On the down side, she drank heavily, had affairs and boasted of only getting two hours of sleep a night. She’d been married twice and perhaps thrice when Daugherty came to dinner, and may not have been legally divorced at the time. She’d also given birth 10 months earlier to a son, Marvin Carville La Marr. The pregnancy was kept secret for years and the father was never named.
Despite scandals and failed relationships, La Marr had a strong attraction to the six-foot-one-inch, freckle-faced, red-headed Missouri boy.
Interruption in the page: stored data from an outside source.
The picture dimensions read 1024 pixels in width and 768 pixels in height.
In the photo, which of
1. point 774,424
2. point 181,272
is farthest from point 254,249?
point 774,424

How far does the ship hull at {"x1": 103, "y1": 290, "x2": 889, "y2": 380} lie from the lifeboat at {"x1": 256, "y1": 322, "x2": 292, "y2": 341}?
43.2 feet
And why wouldn’t she? The good-looking actor had a rough-edged talent, and was courageous to the point that some might call crazy. In the days before computerized camera tricks, Daugherty once was captured jumping from an airplane onto a motorcycle. He would astonish colleagues during filming breaks by doing a hand stand from the saddle of his trotting horse.
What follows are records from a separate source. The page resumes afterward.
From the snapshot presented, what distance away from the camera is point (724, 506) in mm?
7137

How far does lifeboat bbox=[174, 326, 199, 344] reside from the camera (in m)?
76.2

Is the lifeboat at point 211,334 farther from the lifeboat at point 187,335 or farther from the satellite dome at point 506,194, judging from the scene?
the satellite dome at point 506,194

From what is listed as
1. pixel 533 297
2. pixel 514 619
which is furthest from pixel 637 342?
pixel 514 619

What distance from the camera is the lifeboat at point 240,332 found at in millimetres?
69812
It was a similar stunt that almost caused Daugherty to back out of the dinner invitation. While filming earlier that day, a horse fell on him. The actor managed to escape death, but still was in pain when he appeared on La Marr’s porch. The ache wouldn’t last long.
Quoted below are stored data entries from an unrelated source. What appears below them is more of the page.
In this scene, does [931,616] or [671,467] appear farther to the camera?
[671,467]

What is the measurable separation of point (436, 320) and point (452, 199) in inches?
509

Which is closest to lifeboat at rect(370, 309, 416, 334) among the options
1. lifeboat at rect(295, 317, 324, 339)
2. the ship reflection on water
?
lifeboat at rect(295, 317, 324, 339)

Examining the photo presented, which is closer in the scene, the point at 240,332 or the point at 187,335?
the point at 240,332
“You’re going to be married tonight,” La Marr smiled as she opened the door.
“Huh?” was all Daugherty could manage.
After regaining his composure, Daugherty agreed to tie the knot. Hurdles had to be cleared, however.
First, it was a Saturday night, so the couple had to drive 70 miles to Ventura County so that a patient clerk could issue a marriage license. Second, director and friend Paul Bern had to awaken a Hollywood jeweler to secure a ring. Third, a minister had to be found. The couple went to the home of the Rev. T.W. Patterson.
The nuptials took place just after 11 p.m. – witnessed by Bern, La Marr’s mother and brother, and a reporter from the Los Angeles Times.
“I had made up my mind to marry Jack someday, but at noon today I had no more idea of marrying him than, well, than of marrying you,” La Marr told the scribe. “Then, well, I just decided.”
The couple arrived at a Persian-themed hotel in Santa Barbara about 1 a.m. Sunday. It was a short honeymoon, because by the next day both were back at work.
La Marr told reporters that divorce “may be an evil, but it certainly makes one appreciate a good husband afterwards.” The actress said Daugherty was her ideal man and pledged that “it’s going to stick.”
Unfortunately, reality was no glue. Daugherty eventually grew to resent La Marr’s fame, and the pair separated a year later. Though there’s disagreement, they apparently were still legally married when she died of tuberculosis at age 29 on Jan. 30, 1926.
Daugherty married actress Virginia Brown Faire in 1927, but they were divorced two years later. He continued to make films with such stars as Bob Hope, Spencer Tracy, W.C. Fields, Gary Cooper, Janet Gaynor, Ralph Bellamy, Myrna Loy and Dorothy Lamour.
Though mostly portraying cowboys, cops and tough guys, Daugherty also appeared in comedies such as the Little Rascals’ Our Gang farce “General Spanky” in 1936.
Alcohol abuse, legal problems and unpaid debts took a mounting toll. “The glamour that had once touched him had tarnished,” according to radio and television host Jimmy Starr.
On May 16, 1938, Daugherty drove his car to Woodstock Road in the Hollywood Hills, rigged a hose from the exhaust pipe to the passenger compartment and died of carbon monoxide poisoning. He was 42.
The actor left four notes, at least two of which contained wording that the suicide was for the best. Marvin La Marr was adopted by actress ZaSu Pitts and her husband, Tom Gallery, and renamed Don Gallery. He died in 2014.
Daugherty’s passing received scant newspaper attention.
“Even in death, he failed to get into the big time,” wrote Starr, who revealed that Daugherty had wanted to tell him something the day before his death but never got a chance. “His exit was pinpointed briefly by a sputtering spotlight, which was burning out after having remained so long on a beautiful star.”
In the featured image, Barbara La Marr and Jack Daugherty return to work at Universal Studios in Hollywood just two days after their 1923 marriage.